Dimanche de l'aveugle

Actes XVI, 16-34 ; Jean IX, 1-38

 

CHRISTOS  VOSKRESE !

Bien-aimés Frères et Sœurs,

 

Ce Dimanche de l’aveugle-né est unifié par la notion de Lumière.

INous avons d’abord le récit des Actes évoquant cette servante dotée d’un esprit de prophétie ou de voyance dont ses maîtres tiraient grand profit car on la consultait. En l’occurrence d’ailleurs cette voyante rendait hommage à la qualité de « serviteurs du Dieu très haut » de Paul et de Silas. Elle les suivait ainsi, mais Paul, discernant celui qui était en elle, chasse cet esprit, ce démon en somme … si bien que la servante ne peut plus dire la bonne aventure, ce qui tarit les ressources qu’elle apportait à ses maîtres. Il en résulta une plainte de ceux-ci et une suite judiciaire que nous laisserons de côté.
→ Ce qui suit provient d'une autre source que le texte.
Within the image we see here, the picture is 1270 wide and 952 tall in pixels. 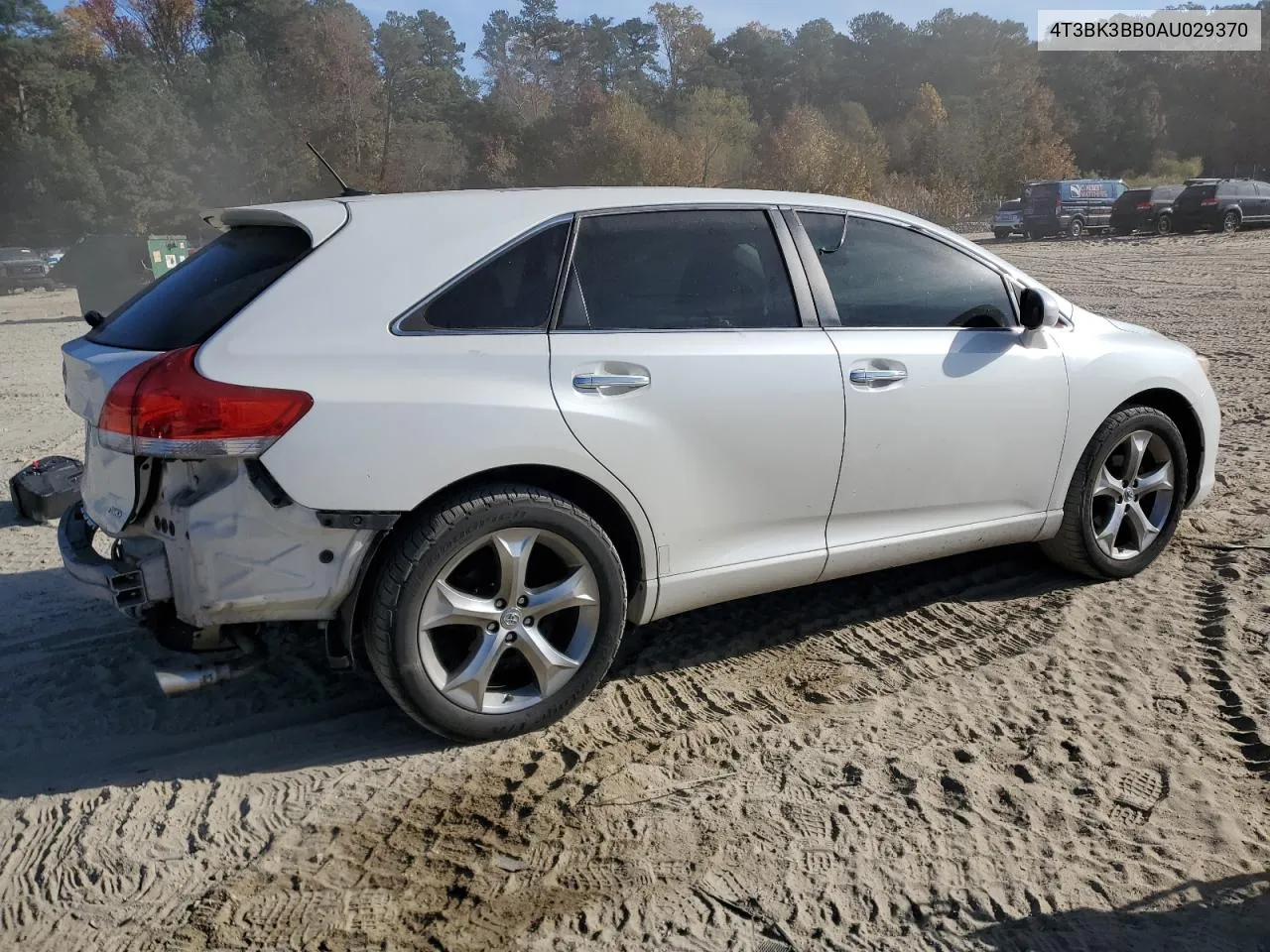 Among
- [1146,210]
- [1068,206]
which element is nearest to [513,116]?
[1068,206]

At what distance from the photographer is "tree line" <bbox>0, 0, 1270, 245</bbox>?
4869 cm

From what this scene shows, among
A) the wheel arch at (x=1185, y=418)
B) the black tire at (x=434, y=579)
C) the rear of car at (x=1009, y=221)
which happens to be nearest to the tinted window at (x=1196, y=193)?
the rear of car at (x=1009, y=221)

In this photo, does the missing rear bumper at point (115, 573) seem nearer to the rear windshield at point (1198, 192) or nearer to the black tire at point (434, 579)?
the black tire at point (434, 579)

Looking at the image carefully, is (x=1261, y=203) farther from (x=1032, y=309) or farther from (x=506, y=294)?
(x=506, y=294)

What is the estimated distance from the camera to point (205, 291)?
339cm

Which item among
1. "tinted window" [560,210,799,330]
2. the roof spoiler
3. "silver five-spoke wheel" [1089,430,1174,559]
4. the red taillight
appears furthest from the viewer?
"silver five-spoke wheel" [1089,430,1174,559]

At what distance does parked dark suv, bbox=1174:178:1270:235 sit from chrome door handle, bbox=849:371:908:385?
3008cm

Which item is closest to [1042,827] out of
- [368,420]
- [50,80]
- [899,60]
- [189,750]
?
[368,420]

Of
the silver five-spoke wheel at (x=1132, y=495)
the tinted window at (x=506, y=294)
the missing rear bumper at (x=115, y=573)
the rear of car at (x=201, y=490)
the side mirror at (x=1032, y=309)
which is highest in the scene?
the tinted window at (x=506, y=294)

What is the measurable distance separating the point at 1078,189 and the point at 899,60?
54207 mm

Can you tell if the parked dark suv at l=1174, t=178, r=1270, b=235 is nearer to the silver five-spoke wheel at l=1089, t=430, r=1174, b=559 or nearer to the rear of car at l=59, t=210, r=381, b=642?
the silver five-spoke wheel at l=1089, t=430, r=1174, b=559

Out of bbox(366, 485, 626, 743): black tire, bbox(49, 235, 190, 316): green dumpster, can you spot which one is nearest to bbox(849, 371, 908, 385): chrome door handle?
bbox(366, 485, 626, 743): black tire

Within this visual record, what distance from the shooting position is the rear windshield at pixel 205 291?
127 inches

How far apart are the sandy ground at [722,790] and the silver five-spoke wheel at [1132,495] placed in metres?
0.21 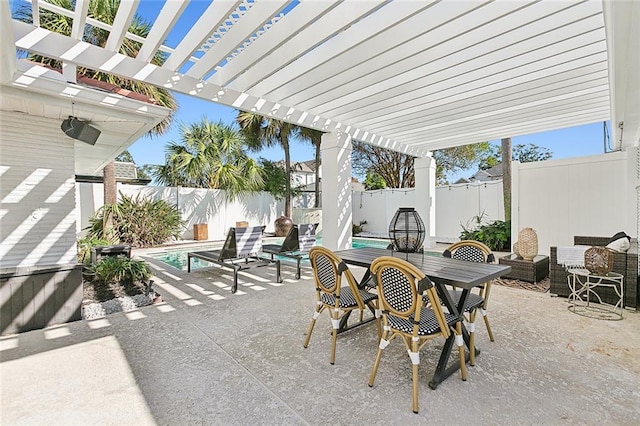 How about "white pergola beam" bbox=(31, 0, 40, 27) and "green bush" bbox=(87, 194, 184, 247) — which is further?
"green bush" bbox=(87, 194, 184, 247)

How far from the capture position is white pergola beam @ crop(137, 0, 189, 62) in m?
2.59

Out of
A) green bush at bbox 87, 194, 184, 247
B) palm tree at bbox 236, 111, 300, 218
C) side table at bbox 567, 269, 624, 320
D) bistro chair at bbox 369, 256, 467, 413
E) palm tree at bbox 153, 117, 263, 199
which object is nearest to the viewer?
bistro chair at bbox 369, 256, 467, 413

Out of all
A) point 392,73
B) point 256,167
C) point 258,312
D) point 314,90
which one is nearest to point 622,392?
point 258,312

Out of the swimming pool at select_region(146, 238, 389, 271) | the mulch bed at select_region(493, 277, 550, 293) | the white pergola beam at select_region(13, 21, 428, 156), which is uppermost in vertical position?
the white pergola beam at select_region(13, 21, 428, 156)

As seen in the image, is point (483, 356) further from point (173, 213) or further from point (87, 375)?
point (173, 213)

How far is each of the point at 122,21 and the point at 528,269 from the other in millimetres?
6436

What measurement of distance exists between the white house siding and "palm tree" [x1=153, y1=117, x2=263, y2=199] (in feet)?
26.3

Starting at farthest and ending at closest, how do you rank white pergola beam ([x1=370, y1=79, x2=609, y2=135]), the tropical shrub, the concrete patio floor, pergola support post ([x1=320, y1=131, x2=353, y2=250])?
1. pergola support post ([x1=320, y1=131, x2=353, y2=250])
2. the tropical shrub
3. white pergola beam ([x1=370, y1=79, x2=609, y2=135])
4. the concrete patio floor

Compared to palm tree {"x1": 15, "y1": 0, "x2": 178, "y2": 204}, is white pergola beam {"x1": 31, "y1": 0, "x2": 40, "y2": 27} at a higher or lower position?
lower

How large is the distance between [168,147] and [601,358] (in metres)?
12.8

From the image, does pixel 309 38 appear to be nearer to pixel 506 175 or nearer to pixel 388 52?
pixel 388 52

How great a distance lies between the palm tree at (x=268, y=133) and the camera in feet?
44.3

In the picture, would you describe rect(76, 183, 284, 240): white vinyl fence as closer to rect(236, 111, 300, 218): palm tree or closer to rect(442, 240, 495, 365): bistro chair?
rect(236, 111, 300, 218): palm tree

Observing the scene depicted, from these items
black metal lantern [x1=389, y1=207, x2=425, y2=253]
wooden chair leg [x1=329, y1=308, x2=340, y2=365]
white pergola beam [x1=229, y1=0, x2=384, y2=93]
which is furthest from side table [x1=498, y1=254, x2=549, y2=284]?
white pergola beam [x1=229, y1=0, x2=384, y2=93] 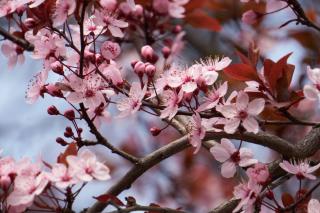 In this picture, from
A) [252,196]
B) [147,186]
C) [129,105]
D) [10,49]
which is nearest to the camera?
[252,196]

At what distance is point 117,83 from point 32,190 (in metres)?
0.39

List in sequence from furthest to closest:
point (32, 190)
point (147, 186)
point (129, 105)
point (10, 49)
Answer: point (147, 186) < point (10, 49) < point (129, 105) < point (32, 190)

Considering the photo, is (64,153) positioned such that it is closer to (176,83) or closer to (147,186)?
(176,83)

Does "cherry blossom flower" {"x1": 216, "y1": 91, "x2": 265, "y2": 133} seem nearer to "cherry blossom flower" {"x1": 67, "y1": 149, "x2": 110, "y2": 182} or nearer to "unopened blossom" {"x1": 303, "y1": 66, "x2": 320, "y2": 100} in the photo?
"unopened blossom" {"x1": 303, "y1": 66, "x2": 320, "y2": 100}

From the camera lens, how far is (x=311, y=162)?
1677 millimetres

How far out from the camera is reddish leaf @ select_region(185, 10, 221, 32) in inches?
103

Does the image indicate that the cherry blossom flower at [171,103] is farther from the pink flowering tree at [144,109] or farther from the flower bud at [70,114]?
the flower bud at [70,114]

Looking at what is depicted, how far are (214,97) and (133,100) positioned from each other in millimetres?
206

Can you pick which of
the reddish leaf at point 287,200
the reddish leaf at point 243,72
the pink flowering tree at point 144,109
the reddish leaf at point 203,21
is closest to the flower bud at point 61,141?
the pink flowering tree at point 144,109

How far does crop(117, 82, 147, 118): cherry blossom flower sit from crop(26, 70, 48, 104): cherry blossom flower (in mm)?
214

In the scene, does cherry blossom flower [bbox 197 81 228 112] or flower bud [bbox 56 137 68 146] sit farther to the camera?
flower bud [bbox 56 137 68 146]

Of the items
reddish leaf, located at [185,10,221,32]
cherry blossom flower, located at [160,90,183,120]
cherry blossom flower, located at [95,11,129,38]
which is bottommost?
reddish leaf, located at [185,10,221,32]

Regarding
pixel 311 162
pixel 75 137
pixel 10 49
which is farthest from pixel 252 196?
pixel 10 49

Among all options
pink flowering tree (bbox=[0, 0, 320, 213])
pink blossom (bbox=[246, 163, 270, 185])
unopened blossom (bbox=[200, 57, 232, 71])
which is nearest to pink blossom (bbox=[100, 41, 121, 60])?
pink flowering tree (bbox=[0, 0, 320, 213])
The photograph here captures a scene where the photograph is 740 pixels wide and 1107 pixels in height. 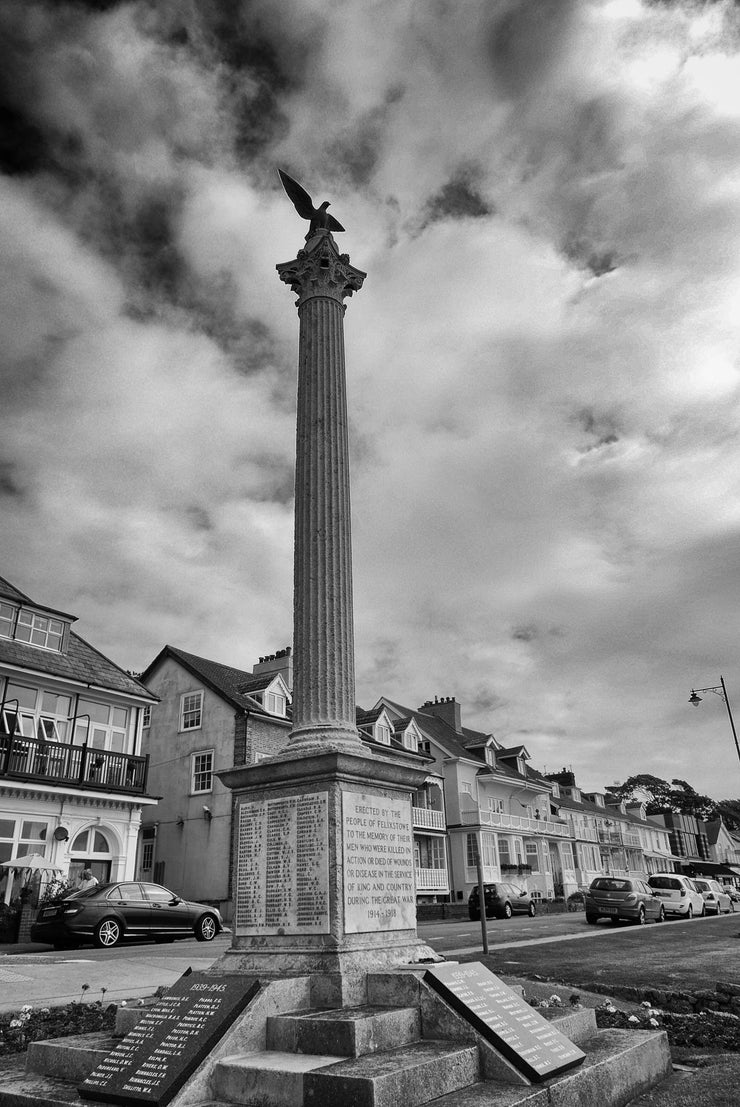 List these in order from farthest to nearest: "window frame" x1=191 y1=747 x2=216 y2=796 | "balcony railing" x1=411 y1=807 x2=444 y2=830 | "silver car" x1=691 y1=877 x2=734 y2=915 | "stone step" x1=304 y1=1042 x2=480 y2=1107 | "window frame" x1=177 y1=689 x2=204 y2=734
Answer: "balcony railing" x1=411 y1=807 x2=444 y2=830, "silver car" x1=691 y1=877 x2=734 y2=915, "window frame" x1=177 y1=689 x2=204 y2=734, "window frame" x1=191 y1=747 x2=216 y2=796, "stone step" x1=304 y1=1042 x2=480 y2=1107

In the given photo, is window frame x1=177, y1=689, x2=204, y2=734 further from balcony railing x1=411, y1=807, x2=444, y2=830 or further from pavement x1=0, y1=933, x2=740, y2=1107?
pavement x1=0, y1=933, x2=740, y2=1107

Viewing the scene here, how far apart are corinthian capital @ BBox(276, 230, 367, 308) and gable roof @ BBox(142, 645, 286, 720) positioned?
72.2ft

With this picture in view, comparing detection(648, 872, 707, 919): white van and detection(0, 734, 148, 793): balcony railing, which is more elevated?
detection(0, 734, 148, 793): balcony railing

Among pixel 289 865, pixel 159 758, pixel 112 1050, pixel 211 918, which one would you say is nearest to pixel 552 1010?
pixel 289 865

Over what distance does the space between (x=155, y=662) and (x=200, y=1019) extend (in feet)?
98.0

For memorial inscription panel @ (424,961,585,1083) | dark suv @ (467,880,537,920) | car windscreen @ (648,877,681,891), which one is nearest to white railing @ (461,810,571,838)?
dark suv @ (467,880,537,920)

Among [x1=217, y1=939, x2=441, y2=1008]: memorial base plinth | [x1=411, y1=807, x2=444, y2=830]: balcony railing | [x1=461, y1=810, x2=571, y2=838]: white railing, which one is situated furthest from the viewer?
[x1=461, y1=810, x2=571, y2=838]: white railing

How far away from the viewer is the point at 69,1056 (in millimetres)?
5703

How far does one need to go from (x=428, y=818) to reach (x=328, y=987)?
34549 mm

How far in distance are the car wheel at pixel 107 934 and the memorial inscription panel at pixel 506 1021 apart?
41.4 ft

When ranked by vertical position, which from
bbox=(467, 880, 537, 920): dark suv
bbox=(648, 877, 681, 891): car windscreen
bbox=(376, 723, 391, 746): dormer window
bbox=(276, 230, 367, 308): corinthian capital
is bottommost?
bbox=(467, 880, 537, 920): dark suv

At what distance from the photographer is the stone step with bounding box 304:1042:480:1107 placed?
4.56m

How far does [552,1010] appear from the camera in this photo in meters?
6.76

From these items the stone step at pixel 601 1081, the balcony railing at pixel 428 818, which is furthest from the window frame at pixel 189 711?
the stone step at pixel 601 1081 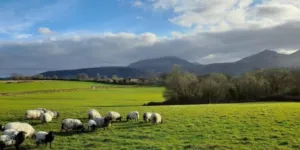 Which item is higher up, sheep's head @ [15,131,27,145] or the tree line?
the tree line

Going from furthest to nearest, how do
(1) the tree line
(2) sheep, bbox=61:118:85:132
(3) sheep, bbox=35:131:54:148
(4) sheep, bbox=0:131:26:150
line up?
(1) the tree line → (2) sheep, bbox=61:118:85:132 → (3) sheep, bbox=35:131:54:148 → (4) sheep, bbox=0:131:26:150

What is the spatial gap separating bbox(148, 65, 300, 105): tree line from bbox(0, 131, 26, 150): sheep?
53.9 metres

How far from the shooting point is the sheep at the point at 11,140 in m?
17.4

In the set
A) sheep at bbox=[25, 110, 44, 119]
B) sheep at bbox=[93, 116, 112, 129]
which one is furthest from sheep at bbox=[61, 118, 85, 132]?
sheep at bbox=[25, 110, 44, 119]

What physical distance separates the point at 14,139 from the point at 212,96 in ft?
200

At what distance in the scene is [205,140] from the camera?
63.8ft

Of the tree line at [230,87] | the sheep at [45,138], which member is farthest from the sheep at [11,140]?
the tree line at [230,87]

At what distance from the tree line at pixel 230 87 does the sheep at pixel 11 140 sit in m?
53.9

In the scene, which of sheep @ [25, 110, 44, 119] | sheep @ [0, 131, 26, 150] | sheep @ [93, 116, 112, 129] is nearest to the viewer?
sheep @ [0, 131, 26, 150]

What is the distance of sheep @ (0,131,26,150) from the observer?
17359 millimetres

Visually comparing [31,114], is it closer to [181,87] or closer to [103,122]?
[103,122]

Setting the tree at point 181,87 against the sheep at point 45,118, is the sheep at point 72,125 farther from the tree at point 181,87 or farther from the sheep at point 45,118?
the tree at point 181,87

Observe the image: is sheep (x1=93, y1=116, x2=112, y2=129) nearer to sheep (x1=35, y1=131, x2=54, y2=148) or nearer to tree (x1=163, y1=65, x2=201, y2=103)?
sheep (x1=35, y1=131, x2=54, y2=148)

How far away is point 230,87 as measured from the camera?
249 feet
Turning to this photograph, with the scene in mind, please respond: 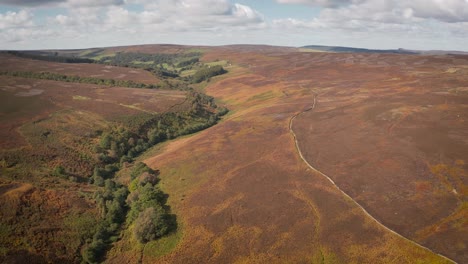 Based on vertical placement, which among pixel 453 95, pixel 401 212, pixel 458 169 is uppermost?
pixel 453 95

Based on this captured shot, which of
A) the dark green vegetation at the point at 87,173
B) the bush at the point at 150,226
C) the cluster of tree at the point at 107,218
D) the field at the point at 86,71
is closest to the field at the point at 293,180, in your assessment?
the dark green vegetation at the point at 87,173

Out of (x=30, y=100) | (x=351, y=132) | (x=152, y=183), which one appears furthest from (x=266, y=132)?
(x=30, y=100)

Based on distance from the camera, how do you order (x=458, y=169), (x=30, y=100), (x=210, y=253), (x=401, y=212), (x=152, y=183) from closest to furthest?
(x=210, y=253) < (x=401, y=212) < (x=458, y=169) < (x=152, y=183) < (x=30, y=100)

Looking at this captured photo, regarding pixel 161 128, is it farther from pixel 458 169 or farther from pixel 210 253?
pixel 458 169

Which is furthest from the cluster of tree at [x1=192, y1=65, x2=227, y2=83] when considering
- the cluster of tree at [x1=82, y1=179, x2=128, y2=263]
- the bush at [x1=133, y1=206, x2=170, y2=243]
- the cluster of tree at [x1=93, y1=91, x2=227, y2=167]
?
the bush at [x1=133, y1=206, x2=170, y2=243]

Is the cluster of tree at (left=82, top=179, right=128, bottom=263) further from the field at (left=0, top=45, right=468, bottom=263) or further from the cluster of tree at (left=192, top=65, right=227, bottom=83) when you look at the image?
the cluster of tree at (left=192, top=65, right=227, bottom=83) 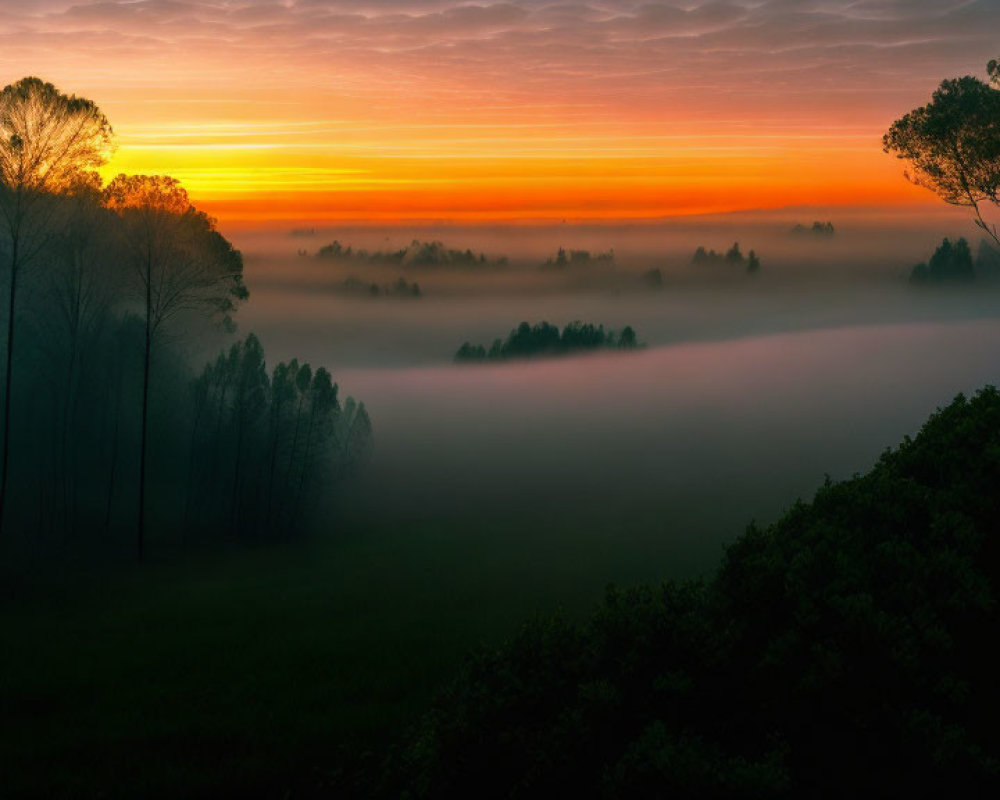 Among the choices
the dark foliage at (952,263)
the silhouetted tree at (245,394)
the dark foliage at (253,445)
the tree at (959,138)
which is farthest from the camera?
the dark foliage at (952,263)

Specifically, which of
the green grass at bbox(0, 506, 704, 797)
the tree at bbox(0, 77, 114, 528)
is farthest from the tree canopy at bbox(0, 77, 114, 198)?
the green grass at bbox(0, 506, 704, 797)

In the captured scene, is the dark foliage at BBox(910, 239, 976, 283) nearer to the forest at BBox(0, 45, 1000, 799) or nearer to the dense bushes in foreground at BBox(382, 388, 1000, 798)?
the forest at BBox(0, 45, 1000, 799)

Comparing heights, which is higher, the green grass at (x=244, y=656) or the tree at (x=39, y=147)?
the tree at (x=39, y=147)

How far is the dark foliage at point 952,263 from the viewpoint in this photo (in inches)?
6496

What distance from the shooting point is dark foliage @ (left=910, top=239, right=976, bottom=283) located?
16500cm

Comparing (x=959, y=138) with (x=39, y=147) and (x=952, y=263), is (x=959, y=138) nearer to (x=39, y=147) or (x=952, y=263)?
(x=39, y=147)

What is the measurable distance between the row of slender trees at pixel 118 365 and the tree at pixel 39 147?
2.2 inches

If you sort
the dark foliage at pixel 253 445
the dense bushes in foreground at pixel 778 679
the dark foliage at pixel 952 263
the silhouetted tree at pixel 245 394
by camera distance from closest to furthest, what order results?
the dense bushes in foreground at pixel 778 679 → the dark foliage at pixel 253 445 → the silhouetted tree at pixel 245 394 → the dark foliage at pixel 952 263

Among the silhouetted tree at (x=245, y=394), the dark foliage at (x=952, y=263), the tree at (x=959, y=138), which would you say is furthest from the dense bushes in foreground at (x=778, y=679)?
the dark foliage at (x=952, y=263)

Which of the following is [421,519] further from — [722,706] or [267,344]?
[267,344]

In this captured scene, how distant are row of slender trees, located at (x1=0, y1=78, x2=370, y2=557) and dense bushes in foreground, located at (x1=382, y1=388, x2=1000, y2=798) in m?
29.7

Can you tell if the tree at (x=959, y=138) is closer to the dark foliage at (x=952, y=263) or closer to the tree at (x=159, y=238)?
the tree at (x=159, y=238)

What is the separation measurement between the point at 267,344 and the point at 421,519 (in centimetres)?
13430

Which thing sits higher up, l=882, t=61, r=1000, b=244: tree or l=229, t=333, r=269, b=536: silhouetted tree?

Ce que nous retiendrons par l’exemple de cette voyante, c’est qu’il y a une fausse lumière (même quand celle-ci, en apparence, transmet des informations exactes) – donc un faux esprit de prophétie. Un prêtre que j’ai connu, catholique mais ayant de bonnes réactions chrétiennes, avait dans sa ville une cartomancienne et voyante de renom : elle avait beaucoup de « clients » et plusieurs fidèles de ce prêtre lui en avaient parlé, y étaient allés et avait été très impressionnés : « Elle nous a dit bien des choses exactes et nous a annoncé … ». Ce prêtre décida d’y aller lui-même comme un client anonyme, mais, comme il avait de bons réflexes chrétiens, il mit dans sa poche son chapelet – tchiotki. La voyante commença à parler et à annoncer …, et le prêtre, subrepticement, mit la main dans la poche du chapelet. La voyante continue de parler quelques instants, puis s’interrompt : « C’est étrange : je ressens une nette réticence de celui qui ordonne … « Celui qui ordonne » était un démon, tout comme dans le cas de cette servante exorcisée par l’Apôtre Paul. C’est ce que l’on constate aussi de nos jours dans « l’esprit de prophétie » qui anime certains sectaires, qui se mettent aussi à parler dans des langues inconnues …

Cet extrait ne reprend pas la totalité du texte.